Supplied material:

━━━━

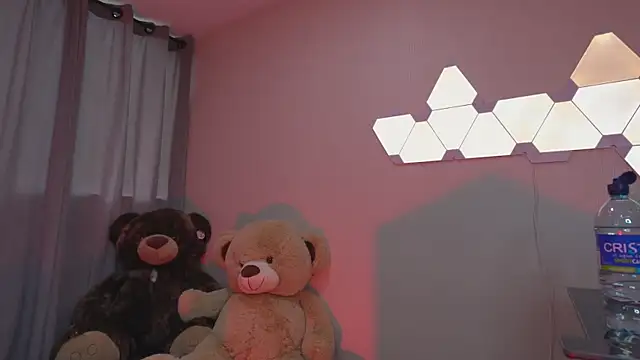 Snapshot of Dubois_Amy chatting on February 11, 2025, 9:56 pm Dubois Amy online show from February 11, 2025, 9:56 pm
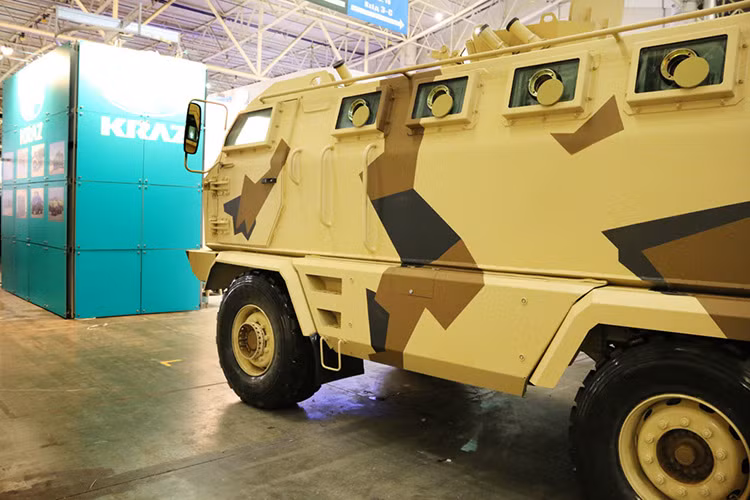 Là một mẫu xe quân sự việt dã yêu cầu khả năng vận hành linh hoạt nên krAZ-HULK được trang bị hệ thống dẫn động bốn bánh 4x4 và bộ lốp chuyên dụng cỡ lớn với kích thước 445/65-R22.5. Ngoài ra, lớp vỏ thép với dàn áo rằn ri cũng được thiết kế khá đặc biệt.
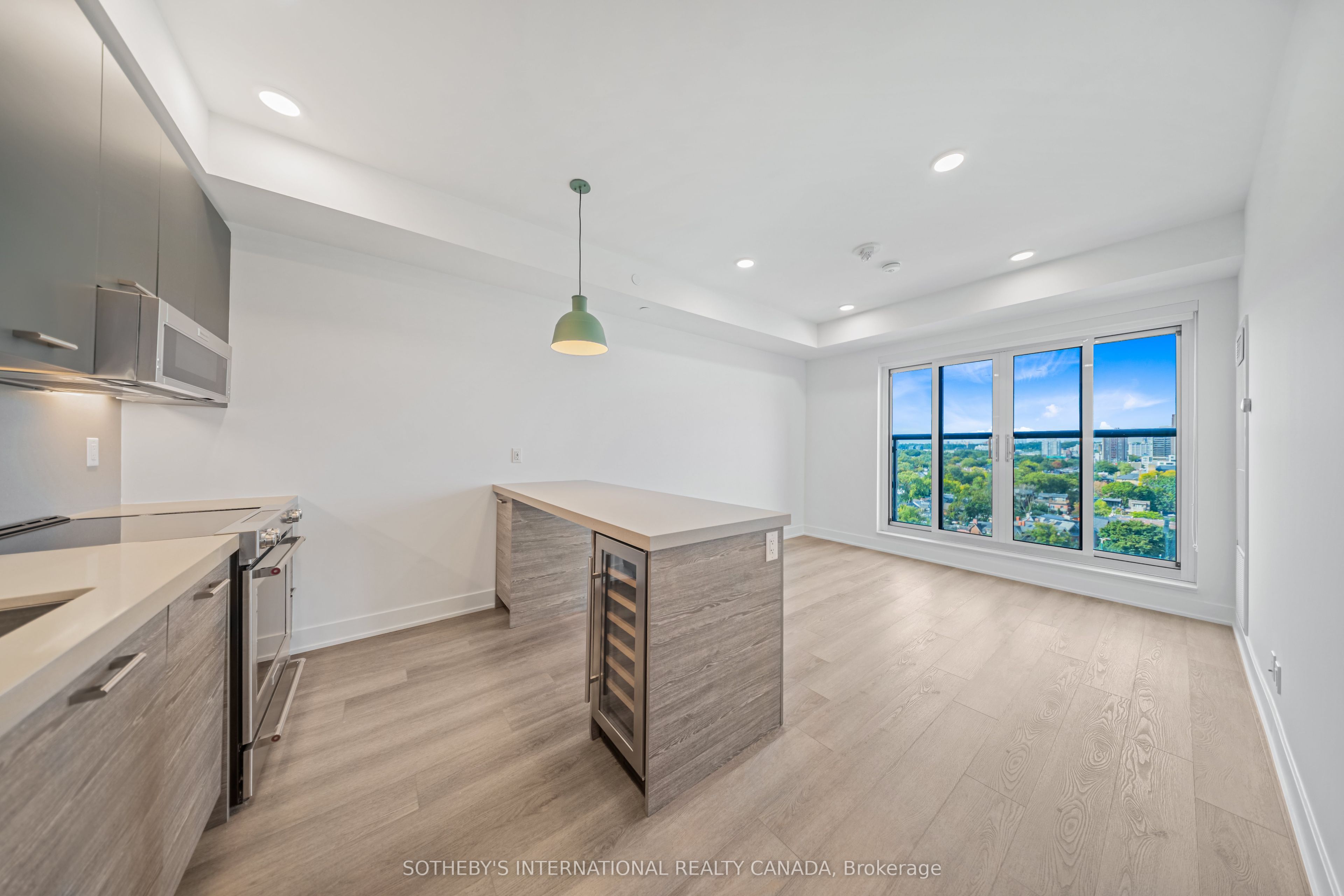 484 Spadina Avenue 404 Property Photo 3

━━━━

Instructions for the task: Beginning with the line that contains "Là một mẫu xe" and ending with the last line of the data above, output those lines exactly and nothing more, without any pictures.

Solution to the exercise:
 Là một mẫu xe quân sự việt dã yêu cầu khả năng vận hành linh hoạt nên krAZ-HULK được trang bị hệ thống dẫn động bốn bánh 4x4 và bộ lốp chuyên dụng cỡ lớn với kích thước 445/65-R22.5. Ngoài ra, lớp vỏ thép với dàn áo rằn ri cũng được thiết kế khá đặc biệt.
 484 Spadina Avenue 404 Property Photo 3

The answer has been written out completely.